Aynı zamanda, başka bir araştırmacı, Hans Asperger, paralel olarak benzer problemler üzerinde çalışıyordu. İlk tanı sınıflandırmalarında otizm, çocukluk şizofrenisi gibi bozuklukların yanında sınıflandırıldı.
Ancak zamanla, bu tür bozukluklara bakış değişti - tamamen ayrı bir sorun olarak ayırt edildiler.
Otizm hala oldukça gizemli bir problemdir, bu nedenle sadece potansiyel nedenleri hakkında sürekli araştırma yapılmakla kalmaz, aynı zamanda tanınması veya sınıflandırılmasıyla ilgili görüşler de değişmektedir.
Temel olarak, otizmin aslında uzun bir yol kat ettiği söylenebilir - başlangıçta çeşitli psikotik bozuklukların yanında yer aldı, günümüzde birçok kişi tarafından bir hastalık olarak kabul edilmiyor.
Otizm ve Otizm Spektrum Bozukluğu Türleri
Yetişkinlerde Otizm: Yetişkin bir otistik nasıl görünür
Otizm spektrum bozukluğu türleri ve sınıflandırmadaki farklılıklar
Psikiyatride temel olarak iki sınıflama vardır: Dünya Sağlık Örgütü tarafından geliştirilen ICD (şu anda 10. versiyonu yürürlüktedir) ve Amerikan Psikiyatri Birliği tarafından hazırlanan DSM sınıflaması (beşinci versiyonu halen kullanılmaktadır).
Temelde her iki sınıflandırmada da benzer problemler anlatılmaktadır.Ancak, tanı kriterleri ve çeşitli bozuklukların sınıflandırılması genellikle tamamen ayrıdır.
Polonya'da doktorlar çoğunlukla ICD-10 sınıflandırmasını kullanır. Onun durumunda,otizm , birkaç farklı sorunun ayırt edildiği genel gelişim bozuklukları kategorisine (F84) aittir, örneğin :
- erken çocukluk otizmi (bu durumda ilk sorunlar çocuk 3 yaşına gelmeden ortaya çıkar)
- atipik otizm (semptomlar burada çocuk üç yaşından sonra başlar)
- Rett sendromu
- diğer çocuklukta dezentegratif bozukluklar
- eşlik eden zihinsel gerilik ve stereotipik hareketlerle birlikte hiperkinetik bozukluk
- Asperger sendromu
- diğer yaygın gelişimsel bozukluklar
- tanımlanmamış yaygın gelişimsel bozukluk
DSM-V sınıflandırmasındaki sorun tamamen farklıdır:otizmdurumunda, sınıflandırmanın son versiyonunda birçok değişiklik yapılmıştır.

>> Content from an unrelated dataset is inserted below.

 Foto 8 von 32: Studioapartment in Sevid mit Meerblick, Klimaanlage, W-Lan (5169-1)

Şey, DSM-V temel olarak belirli türleri ayırt etmeyi bırakırotizm , onları otistik bozukluk spektrumu terimiyle değiştirmeyi tercih eder.
Bu sınıflandırma söz konusu olduğunda,otizmformlarından biri olarak hastanın bozukluklarının olası kategorizasyonundan çok daha fazla vurgu, meydana gelen sapmaların yoğunluğuna konulur.
Otizm - epidemiyoloji
Otizm spektrum bozukluklarının tam olarak ne sıklıkta olduğunu söylemek zor. Bunun nedeni hem farklı araştırmaların farklı tanı kriterleri kullanması hem de otizm prevalansının dünyanın farklı bölgelerinde tamamen farklı gibi görünmesidir.

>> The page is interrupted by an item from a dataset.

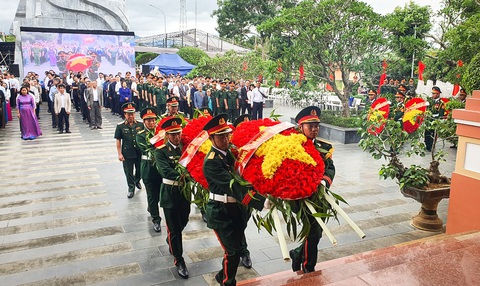 70 năm trận Đak Pơ: Trung đoàn mới thành lập đánh tan một binh đoàn tinh nhuệ quân Pháp- Ảnh 3. Các đơn vị quân đội thuộc Quân khu V dâng vòng hoa viếng các anh hùng liệt sĩ đã hy sinh trong trận Đak Pơ - Ảnh: S.T.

Örneğin Amerika Birleşik Devletleri'nde istatistiklere göre otizm spektrum bozukluğu 68 çocuktan birinde teşhis edilebiliyor. Öte yandan, Avrupa verileri 150 çocuktan 1'inde bir tür otizmin bulunabileceğini göstermektedir. Yine başka istatistikler, otizmin nüfusun %1'ini etkilediğini gösteriyor, ancak otizmli insan sayısını doğru bir şekilde tahmin etmek zor olduğu gibi, cinsiyet ve sorunun yaygınlığı söz konusu olduğunda durum farklıdır. Burada farklılıklar açıkça göze çarpıyor - erkeklere otizm spektrum bozuklukları çok daha sık, hatta dört kez teşhis ediliyor.
Otizm - Belirtiler
Otizmin temel belirtileri üç yönle ilgili bozukluklardır: iletişim, sosyal etkileşimler ve ayrıca belirli davranışlar.
Bu alanların her birinde karakteristik sapmalar olabilir, vurgulayınancak yapılması gereken bir şey var: otizm spektrum bozukluğu olan her çocuk farklıdır ve aslında biri iletişim sorunlarının hakimi olacak, diğerinde ise atipik, basmakalıp davranışlar sergileyecektir.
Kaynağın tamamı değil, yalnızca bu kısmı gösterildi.